Deputy President Mashatile stated at the Foreign Correspondents ‘ Club of Japan on March 19 that” we are focusing on stabilizing our relationship with the United States of America,” but that the state is even working to expand its imports, mentioning Japan, China, Russia, Europe, and the Africa Free Trade Area in this regard. Mashatile questioned how tiny nations could handle the US, citing self-reliance.

According to him, the removal of US economic assistance results in an 8 billion rand ($ 437 million ) shortfall in the budget for TB and HIV healthcare programs, which have a particularly severe impact on the rural poor. That is reasonable, yet. The expenditure is being revised, and other nations are also offering help. For more than 20 times, JICA has been making a difference in Africa through the identification, prevention, and treatment of HIV and TB.

Akihiko Tanaka and Mashatile discussed a range of topics at their two-day meeting, including participation in science and technology research, and solar power. Tanaka expressed his hope that South Africa would take its traditional leadership position during the upcoming August 9th Tokyo International Conference on African Development ( TICAD ).

Since 1993, the Asian government has been organizing the TICAD meeting that is hosted by the UN, the World Bank, and the African Union Commission.

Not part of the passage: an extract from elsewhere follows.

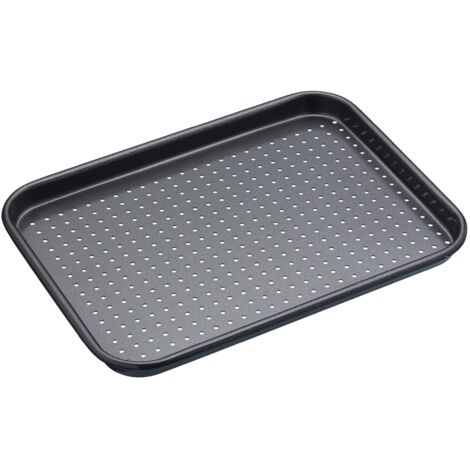 masterclass KitchenCraft Teglia con fori de Acciaio al carbonio Antiaderente BPA Free dede 24 x 18 cm (1/5)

Mashatile concluded by saying that” this trip for us was really successful” and that frank discussions of issues affecting West African buyers, such as the security and stability of the power source, were on hand. Given the criticisms made against South Africa in the US, he said it was good to be able to speak directly.

According to Mashatile,” South Africa and Africa have a trusted and reputable ally in Japan,” the company plans to have a “huge impact” in the coming years as more Chinese companies come to South Africa to produce goods, improve the energy grid, and employ and train native workers.

He added that “protectionism is not going to help anybody,” and that tariffs must be reasonable and not in the way of sustainable development.